Exercise requirements: Taking the entries below, transcribe only the lines starting with the one with "SBI adopts 15" and going on through the one with "Vue d'un terrain", exactly as written, without the pictures.

Data:
────────────────

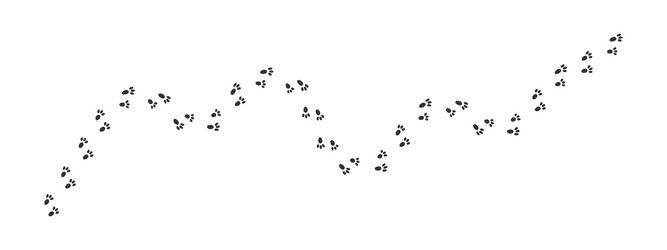 bunny pawprints waving track hare feet steps wet Vector Image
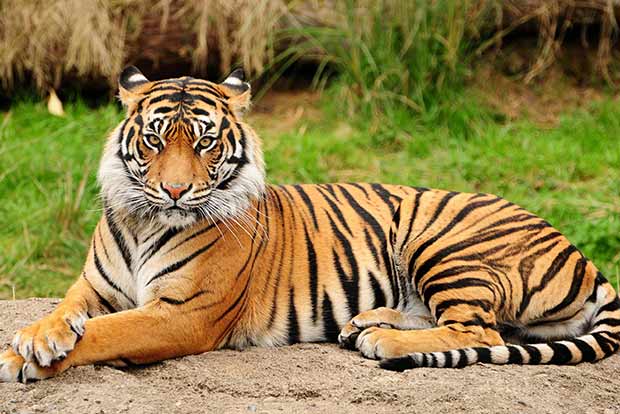SBI adopts 15 tigers at Hyderabad Zoo for a year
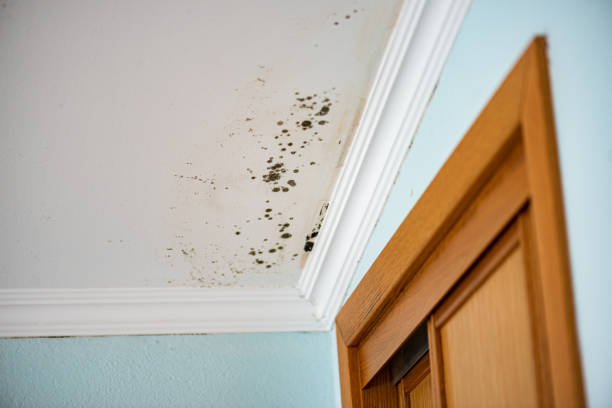 Best Local Mold Removal Service  in Eagle Pass, TX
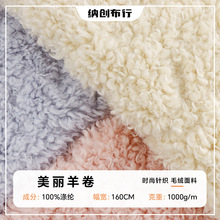 美丽羊绒羊卷毛面料大羊卷绒布现货 服装家居服玩具鞋帽毛绒布料
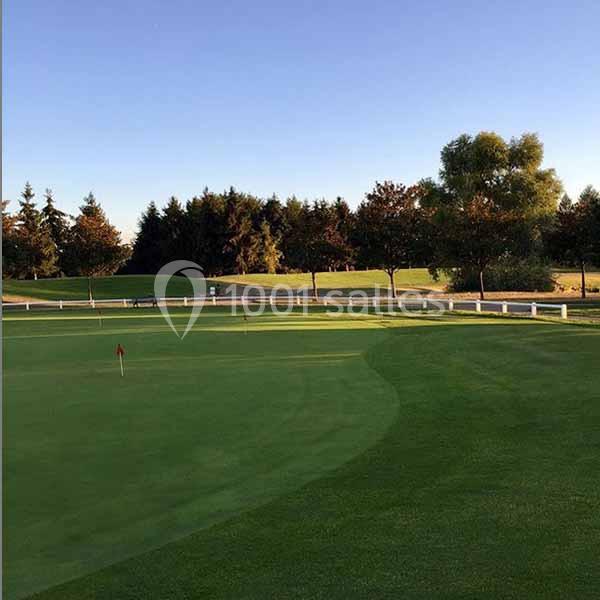 Vue d'un terrain de golf avec un green bien entretenu, entouré d'arbres et éclairé par une lumière douce en fin de journée.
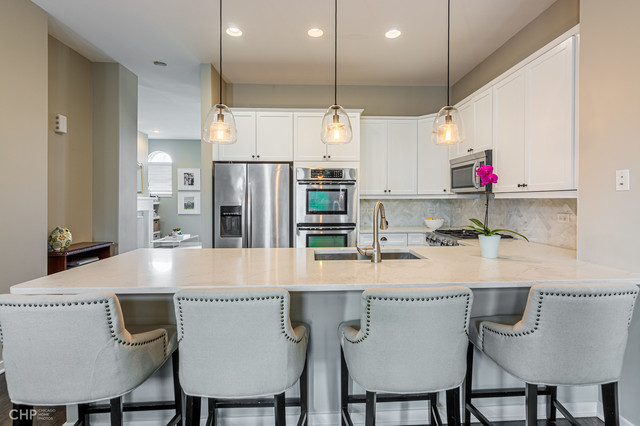 1723 West George Street Chicago, IL 60657 - Photo 2 of 22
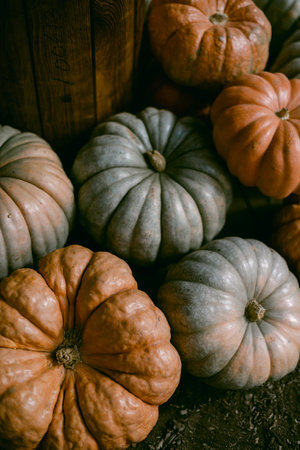 Light green and orange small pumpkinsの写真素材
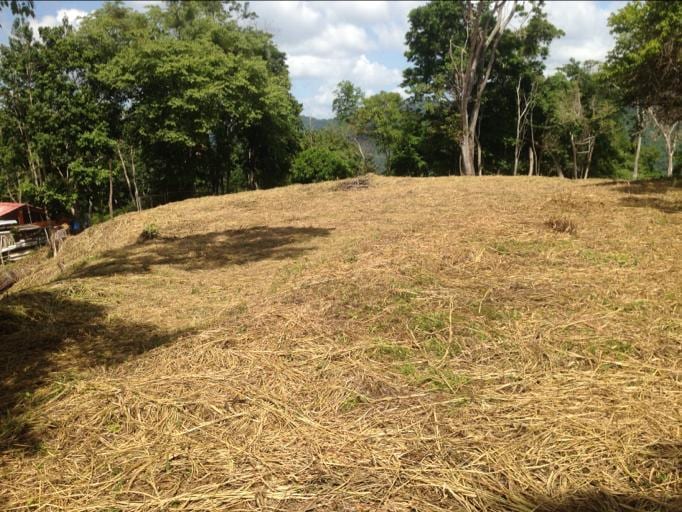 Terreno en Sabaneta, Caracas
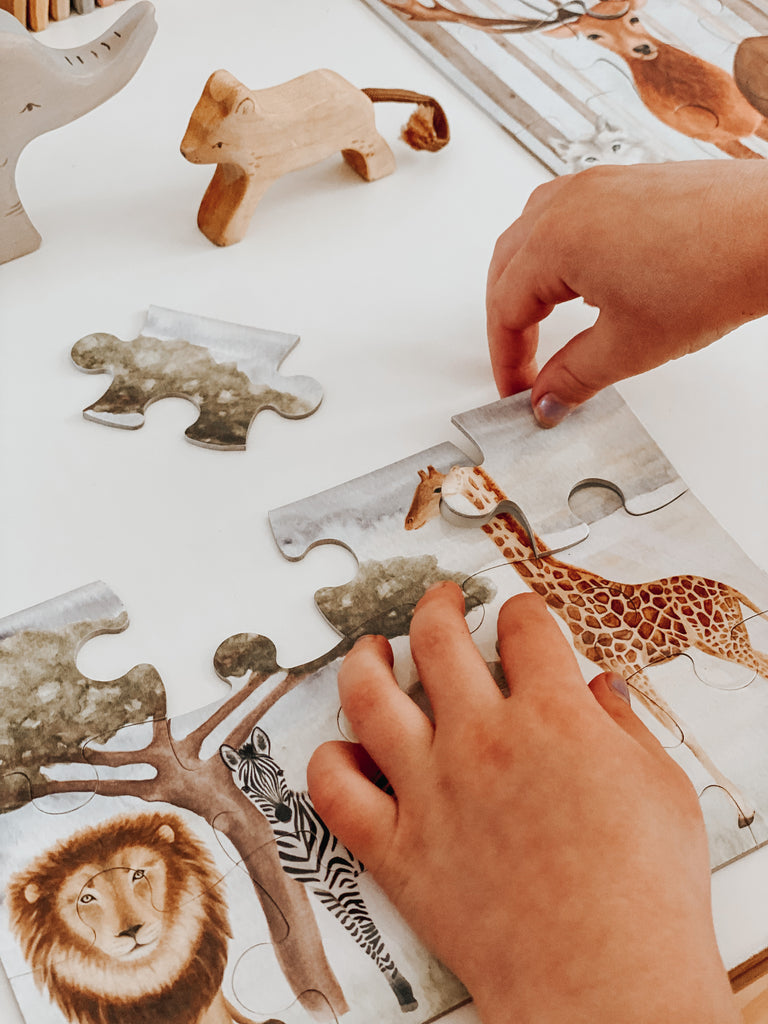 Kids Puzzle Collection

────────────────

Answer box:
SBI adopts 15 tigers at Hyderabad Zoo for a year
 Best Local Mold Removal Service  in Eagle Pass, TX
 美丽羊绒羊卷毛面料大羊卷绒布现货 服装家居服玩具鞋帽毛绒布料
 Vue d'un terrain de golf avec un green bien entretenu, entouré d'arbres et éclairé par une lumière douce en fin de journée.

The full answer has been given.